By the process of the invention samples of the bleach and fix solutions are extracted and electro-chemically analyzed to determine the chemical activity therein, which are related to the amount of imagery and bulk being processed. But other solutions could be monitored. For example, the developer could be monitored to determine replenishment for the bleach as well as the developer. The rates of replenishment of all of the compositions are then adjusted based on these values. Thus, by only replenishing the image dependent solutions on the basis of imagery, a savings is realized over mere bulk replenishment which results in new chemicals being added whether needed or not. A further savings is realized because of the elimination of the need for process controllers for every solution and/or for every solution ingredient, since the replenishment of all of the solutions can be done with a minimum of controllers. In the exemplary process, only two process controllers are needed.

Also, provisions may be made for the regeneration of the bleach solution and the recycling of the fix solution, as additional measures resulting in further economic gain. The performance of these steps can be economically controlled and monitored in a manner similar to the replenishment process of the invention.

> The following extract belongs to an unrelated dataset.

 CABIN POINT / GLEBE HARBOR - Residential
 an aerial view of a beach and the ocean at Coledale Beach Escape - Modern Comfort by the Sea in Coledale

It is therefore an object of the invention to provide an improved method of replenishing the chemical compositions consumed in a photographic process by a simple analytical process on only some of all the compositions to be replenished.

Other objects and advantages of the invention will be apparent from the following description, the accompanying drawings, and the appended claims.

FIG. 1 shows, diagrammatically, a schematic illustration of a typical film developing process, including the measuring of certain compositions used in the process to determine if the process compositions should be replenished and/or treated in any other manner, in accordance with the teachings of the invention, and

FIGS. 2a-f are charts showing the variations in the concentration of, and additions to, the process solution over a common period of time, and depending upon whether film or leader material is being processed.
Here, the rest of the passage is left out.